Alza remi! Just got back from Venice, having seen (amongst other things) the 36th paddle boat marathon - the Vogalonga - being contested.http://www.vogalonga.com/eng/index_ing.aspThough contested is hardly the right word for something more like a regatta open to all comers, in which a motley crew of golden oldies, responding to the cry of "alza remi" lifted their oars and came perilously near to capsizing the boat. For a moment there I fancied entering next year's event - in an aluminium Canadian canoe - but on learning that the course is some 30 km long, up to Burano and back to St Mark's square via Murano and the Cannaregio canal, thought better of it. In the teeth of the strong wind that sometimes blows in the lagoon, this could be a pretty challenging undertaking.

Better stick to the ancient monuments, maybe. Who could fail to be bowled over by the Scuola Grande di San Rocco, the incredibly lavish interior of which Tintoretto spent 23 years of his life in decorating - virtually unaided, it would appear. When Ruskin - no mean painter himself - saw what Tintoretto had done he remarked "As for painting, I think I didn't know what it was until today."

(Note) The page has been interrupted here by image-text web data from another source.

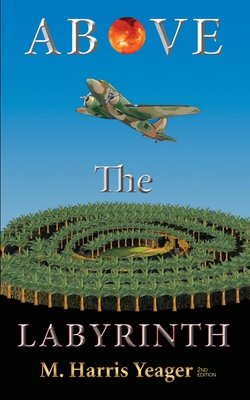 Above The Labyrinth: 2nd Edition 057853617X Book Cover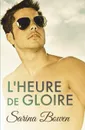 L.Heure de gloire - Sarina Bowen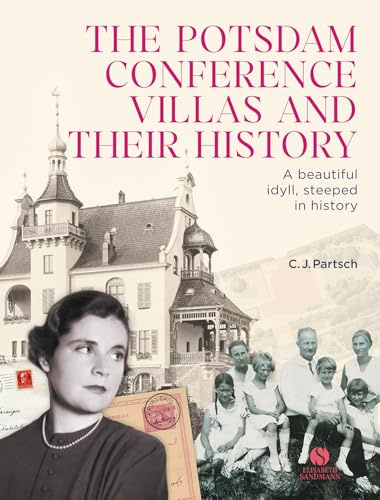 The Potsdam Conference Villas and their History: In search of happiness lost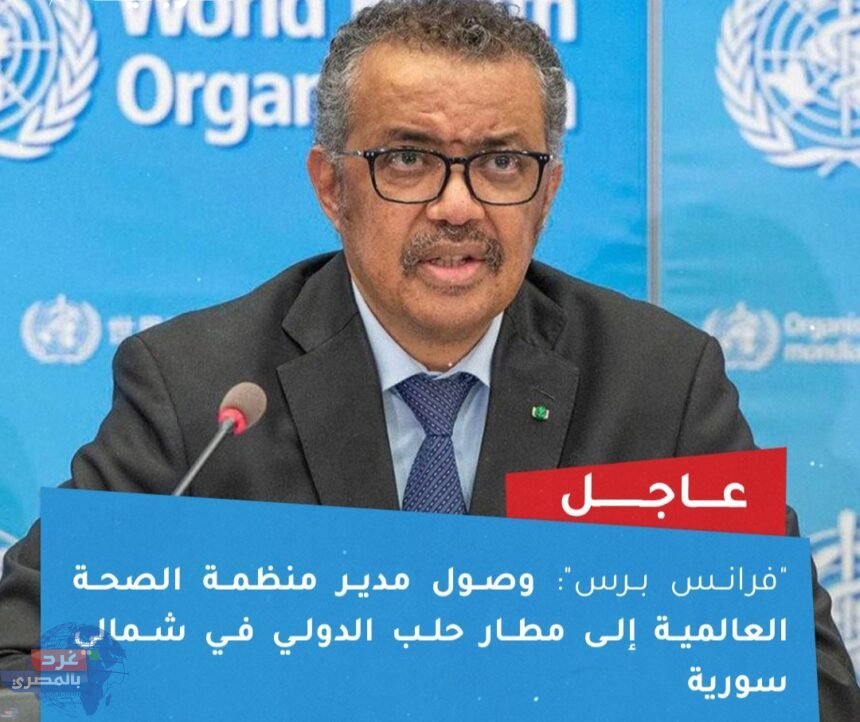 وصول مدير منظمة الصحة العالمية إلى مطار ‎حلب الدولي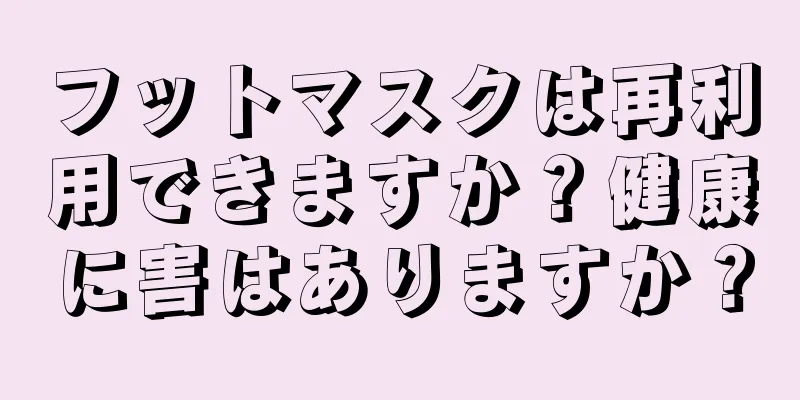 フットマスクは再利用できますか？健康に害はありますか？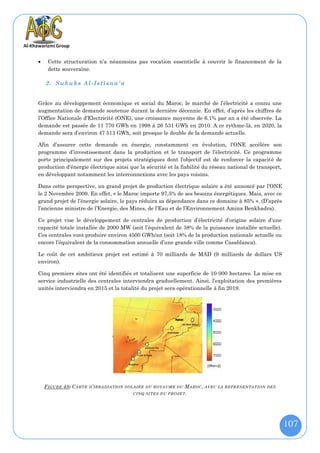     Cette structuration n’a néanmoins pas vocation essentielle à couvrir le financement de la
     dette souveraine.

    2. Sukuks Al-Istisna'a


Grâce au développement économique et social du Maroc, le marché de l’électricité a connu une
augmentation de demande soutenue durant la dernière décennie. En effet, d’après les chiffres de
l’Office Nationale d’Electricité (ONE), une croissance moyenne de 6.1% par an a été observée. La
demande est passée de 11 770 GWh en 1998 à 26 531 GWh en 2010. A ce rythme-là, en 2020, la
demande sera d’environ 47 513 GWh, soit presque le double de la demande actuelle.

Afin d’assurer cette demande en énergie, constamment en évolution, l’ONE accélère son
programme d’investissement dans la production et le transport de l’électricité. Ce programme
porte principalement sur des projets stratégiques dont l'objectif est de renforcer la capacité de
production d'énergie électrique ainsi que la sécurité et la fiabilité du réseau national de transport,
en développant notamment les interconnexions avec les pays voisins.

Dans cette perspective, un grand projet de production électrique solaire a été annoncé par l’ONE
le 2 Novembre 2009. En effet, « le Maroc importe 97,5% de ses besoins énergétiques. Mais, avec ce
grand projet de l’énergie solaire, le pays réduira sa dépendance dans ce domaine à 85% ». (D’après
l’ancienne ministre de l’Energie, des Mines, de l’Eau et de l’Environnement Amina Benkhadra).

Ce projet vise le développement de centrales de production d’électricité d’origine solaire d’une
capacité totale installée de 2000 MW (soit l’équivalent de 38% de la puissance installée actuelle).
Ces centrales vont produire environ 4500 GWh/an (soit 18% de la production nationale actuelle ou
encore l’équivalent de la consommation annuelle d’une grande ville comme Casablanca).

Le coût de cet ambitieux projet est estimé à 70 milliards de MAD (9 milliards de dollars US
environ).

Cinq premiers sites ont été identifiés et totalisent une superficie de 10 000 hectares. La mise en
service industrielle des centrales interviendra graduellement. Ainsi, l’exploitation des premières
unités interviendra en 2015 et la totalité du projet sera opérationnelle à fin 2019.




    F IGURE 48: C ARTE D ’ IRRADIATION   SOLAIRE DU ROYAUME DU   M AROC ,   AVEC LA REPRESENTATION DES
                                            CINQ SITES DU PROJET .




                                                                                                         107
 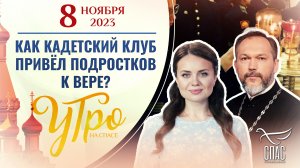 КАК КАДЕТСКИЙ КЛУБ ПРИВЁЛ ПОДРОСТКОВ К ВЕРЕ? УТРО НА СПАСЕ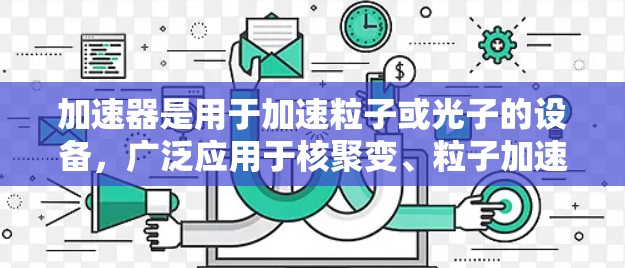 加速器是用于加速粒子或光子的设备，广泛应用于核聚变、粒子加速、激光加速、材料科学等领域。以下是关于加速器的详细分析和总结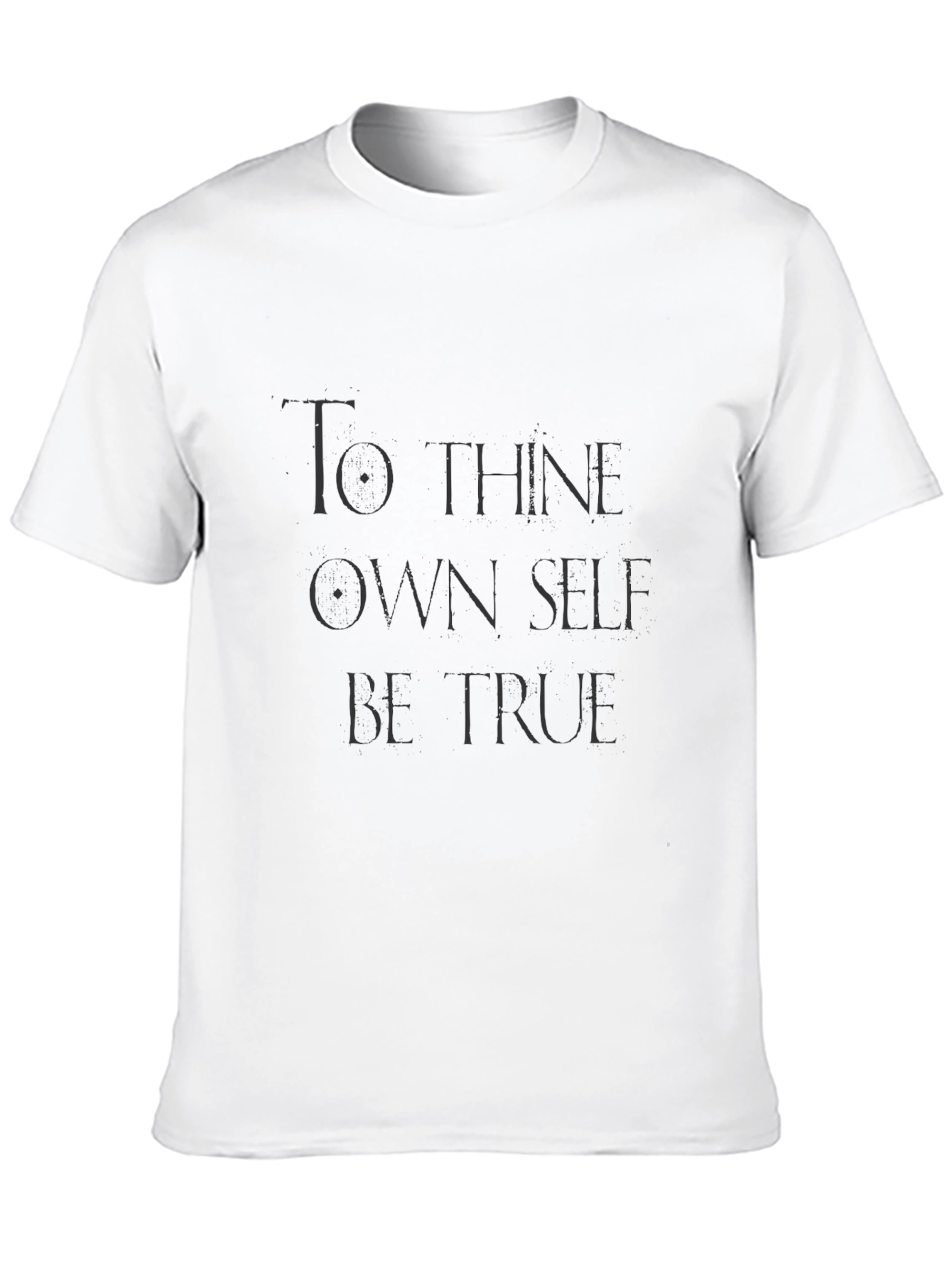 To Thine Own Self Be True T-Shirt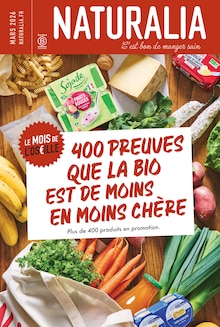 Catalogue Naturalia de la semaine "400 preuves que la bio est de moins en moins chère" avec 10 pages, valide du 01/03/2026 au 31/03/2026 pour Ivry-sur-Seine et alentours Prospectus Naturalia de la semaine "400 preuves que la bio est de moins en moins chère" avec 10 pages, valide du 01/03/2026 au 31/03/2026 pour Ivry-sur-Seine et alentours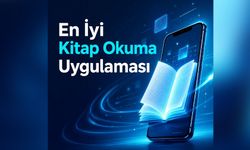 En İyi Kitap Okuma Uygulaması: 5 Farklı Seçenek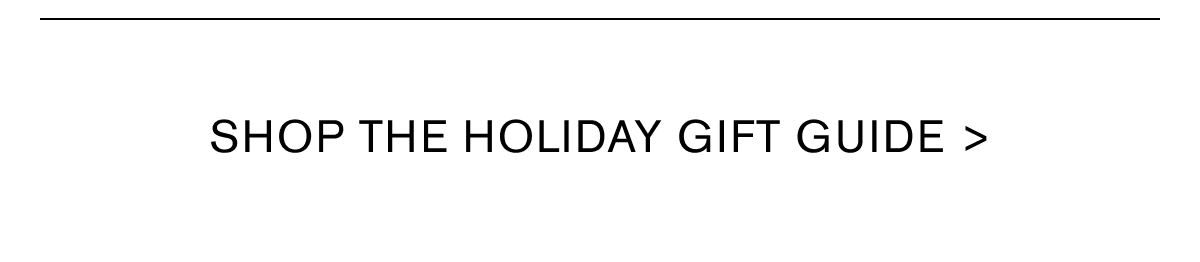 SHOP THE HOLIDAY GIFT GUIDE >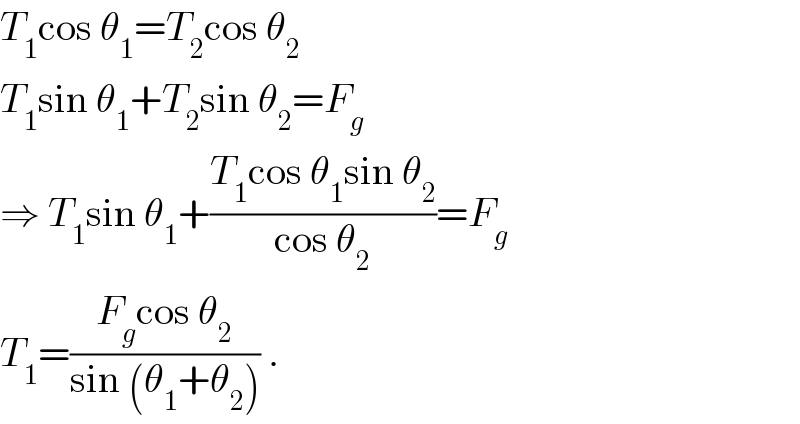 T_1 cos θ_1 =T_2 cos θ_2   T_1 sin θ_1 +T_2 sin θ_2 =F_g   ⇒ T_1 sin θ_1 +((T_1 cos θ_1 sin θ_2 )/(cos θ_2 ))=F_g   T_1 =((F_g cos θ_2 )/(sin (θ_1 +θ_2 ))) .  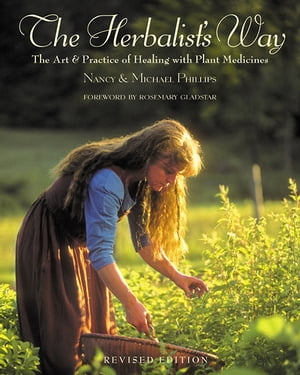 The Herbalist's Way The Art and Practice of Healing with Plant Medicines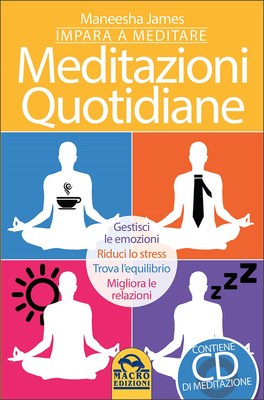 IMPARA A MEDITARE: MEDITAZIONI QUOTIDIANE
Gestisci le emozioni - Riduci lo stress - Trova l'equilibrio - Migliora le relazioni
di Maneesha James

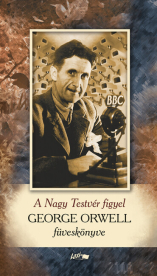*A Nagy Testvér figyel - George Orwell füveskönyve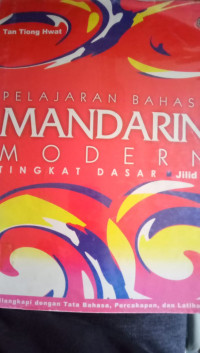 Pembelajaran Bahsa Mandarin Modern Tingkat Dasar Jilid 3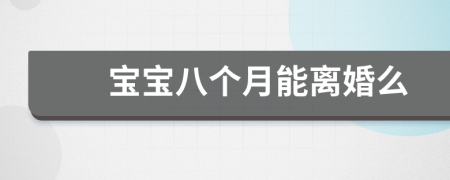 寶寶八個月能離婚么
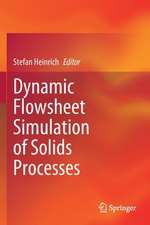 Dynamic Flowsheet Simulation of Solids Processes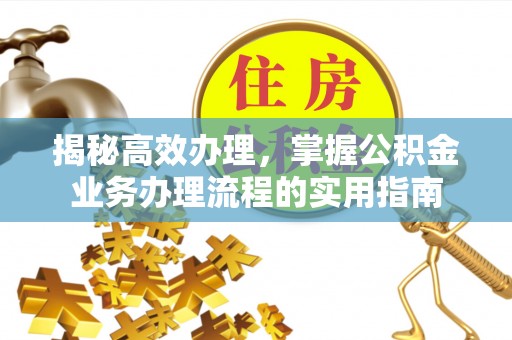 寿丰揭秘高效办理，掌握公积金业务办理流程的实用指南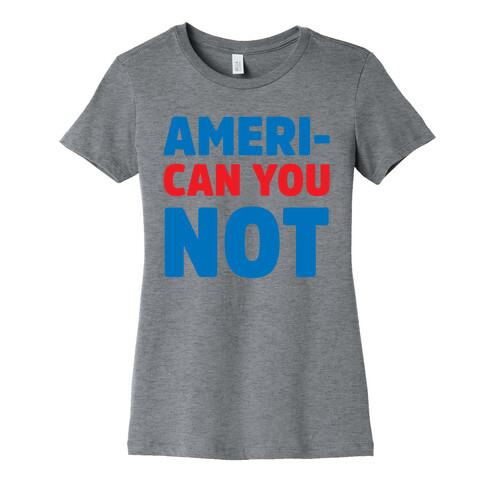 Ameri-Can You Not Womens T-Shirt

Interesting to note that Ruskin admired Venice, partly, because it had traditionally shown resistance to the authority of Rome. And also because, like England, its prosperity had been based on maritime power. He sounds a cautionary note, though. In The Stones of Venice he warns that England "may be led through prouder eminence to less pitied destruction." The prospects of proud eminence have diminished somewhat since Ruskin's time, though those for less pitied destruction can't altogether be ruled out.

That said, we hope to make it through to next week end.

Tuesday 18 May 2010

Cosas de Espana. There's a tilde on my keyboard but I can't get it to sit on top of the letter n. Muy aburrido. Just got back from 3 weeks driving to and from Andalucia (can't do the accent over the i either). Spain, as ever, full of remarkable contrasts - on the one hand the international beach scene at Tarifa, with kitesurfers from Australia, Canada and all the European nations (including Russia and Lithuania) chattering away in a variety of tongues, but with English as the lingua franca - and on the other the wonderful silence of the countryside of the Cantabrian cordillera, between Burgos and Aguilar de Campoo, on either side of the N627. Just the wind in the trees, the sound of running water, and the occasional intervention of birdsong and the cuckoo's call. And an amazing little roadside church at Quintana del Pino, with a couple of extraordinary medieval reliefs on the walls - see the photographs on Antonio Calderon's fascinating site http://romanicoburgales.blogspot.com/

Even more unexpected than coming across the English language in such a remote and unspoiled location is the discovery that Eng. Lit. has left its mark here - for in the tiny graveyard there is a stone bearing the following inscription: La naturaleza nunca traiciono al corazon que la amo. Which is surely nothing other than a direct translation into Spanish of Wordsworth's lines on Tintern Abbey, to the effect that nature never betrayed the heart that loved her.

Those of a doubting disposition will probably argue that this is a sentiment no more verifiable in Spanish than it is in English, advancing as it does the dubious proposition that because we are keen on Nature, then Nature will generously reciprocate by being keen on us - and keen on us individually, moreover. In short, Wordsworthian pantheism is nothing more than a comfort blanket. Well, maybe. But the older you get, the less cynical you get about such bits of kit. They are not to be sneezed at - be they in the shape of Wordsworthian pantheism, simple faith, or that old, star-eaten blanket of the sky that a later poet wished to wrap around himself - so that he could lie in comfort.